Sabato 27 Luglio 2024

Eroe comune, ucciso da Prima Linea

Domanin e il tragico interrogativo: perché lo Stato non ha protetto i suoi servitori?

Dodici anni fa fu organizzato, a Rimini, un incontro tra due orfani di padre, diventati tali dopo un anno insanguinato come il 1979: Umberto Ambrosoli e Marco Alessandrini, entrambi avvocati. Umberto è il figlio di Giorgio Ambrosoli, l’eroe borghese, il commissario liquidatore della Banca Privata Italiana di Michele Sindona, ucciso l’11 luglio del 1979. Marco invece di Emilio Alessandrini, il magistrato ammazzato il 29 gennaio dello stesso anno da Prima Linea. È da poco uscito un libro che dal titolo Un eroe comune richiama proprio Un eroe borghese che Corrado Stajano scrisse su Giorgio Ambrosoli (1991). L’Eroe Comune è Emilio Alessandrini, a scrivere questo libro è stato suo nipote Igino Domanin.

Domanin andava alle medie, in Sicilia, quando il preside lo fece uscire in anticipo dalla classe per riaccompagnarlo a casa.

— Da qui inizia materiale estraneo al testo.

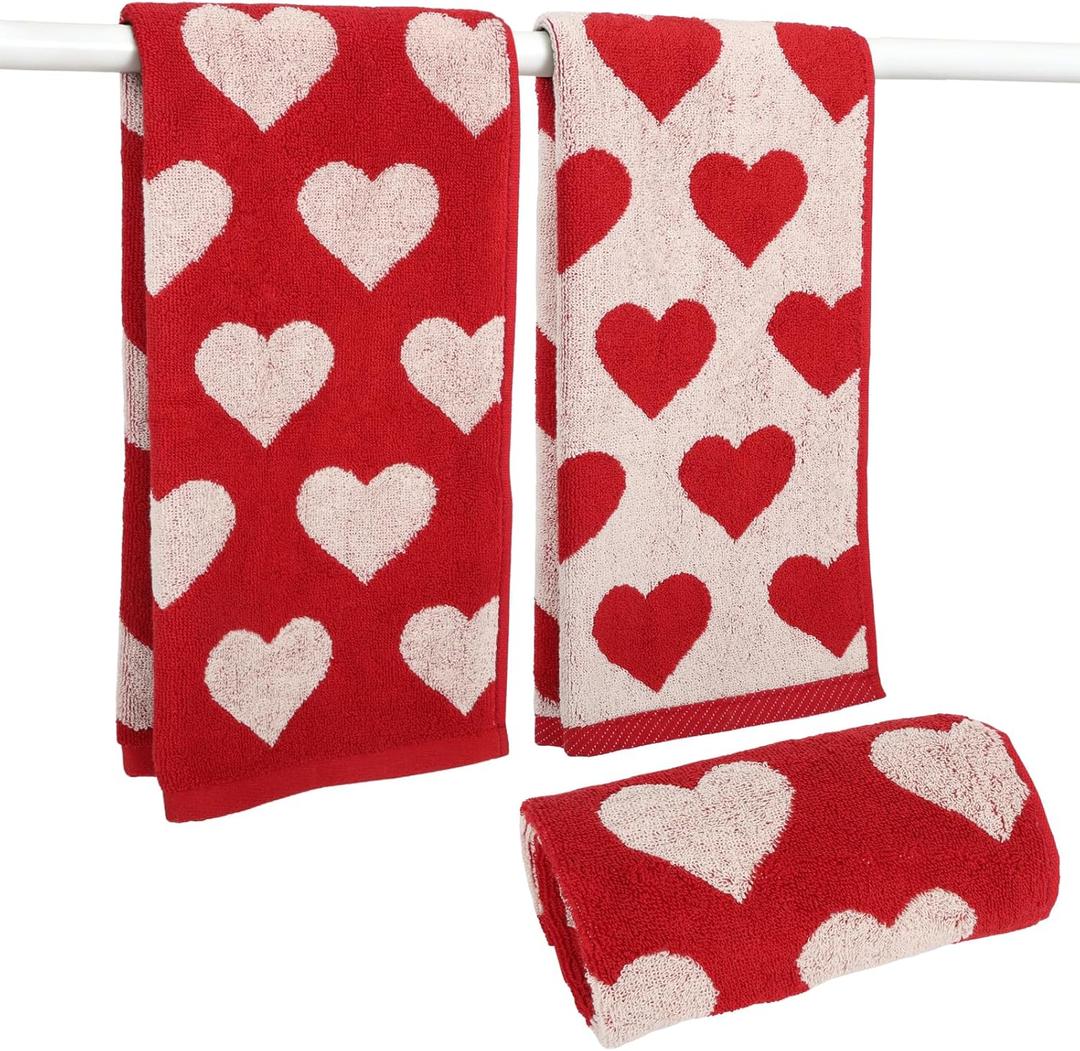3 PCS Valentines Day Hand Towels Red White Hearts 100% Cotton Bathroom Towel Decorative Absorbent Bath Towel for for Bathroom Kitchen Home Hotel Beach, 29.5 x 13.8 Inch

Era il 29 gennaio 1979 e nel percorso da scuola a casa Igino pensò per diversi minuti che da lì a poco avrebbe saputo di essere diventato orfano, come era già successo ad altri componenti della sua famiglia. Prima che si spalancassero le porte di casa, ebbe invece un sussulto: "È morto lo zio Emilio?". Un cenno di assenso gli confermò che aveva perso lo zio, quello zio entrato presto in magistratura, che si era occupato della Strage di Piazza Fontana e soprattutto della terza istruttoria (quella trasferita a Catanzaro), che ebbe un avvertimento sotto casa quando indagava sui gruppi neofascisti, appena i contorni della strage del 12 dicembre del 1969 iniziarono a chiarirsi, ma che fu ucciso da Prima Linea, il gruppo terroristico di sinistra più sanguinario dopo le Brigate Rosse.

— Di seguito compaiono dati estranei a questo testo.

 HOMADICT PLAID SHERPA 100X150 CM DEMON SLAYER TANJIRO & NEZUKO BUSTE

Il commando armato che sparò ad Alessandrini era guidato da Sergio Segio, il capo di Prima Linea, e Marco Donat-Cattin (figlio di Carlo, esponente di spicco della Dc). Domanin ci restituisce con i ricordi di lui bambino quegli anni, così intrisi di violenza, di sangue e di morte. E anche di quel 1979. Come poteva accadere che lo Stato non riuscisse a proteggere suoi valenti servitori, nell’esercizio delle proprie funzioni per risistemare le prime crepe, i primi cocci dell’Italia, uscita dalla Seconda Guerra Mondiale?

Quarantacinque anni dopo riaffiora il solito discorso che chiama in causa il concetto di memoria che non può essere riservato, come ricorda lo stesso Domanin nel libro, a un parco, a una piazza intitolata alla vittima eccellente (come suo zio) di una stagione di sangue. Il travaglio interiore che lo porta a scrivere questo libro, parte dalla necessità di raccontare a chi non c’era quell’aspra stagione. Compito ancora più difficile per un insegnante (come Domanin) nei confronti dei suoi studenti, tenendo conto di aver vissuto in prima persona la perdita di un proprio caro. Solo negli ultimi tempi il racconto degli anni di piombo non passa più solo per i reduci, più o meno folgorati in un percorso di pentimento. Fortunatamente, come nel caso del libro di Domanin.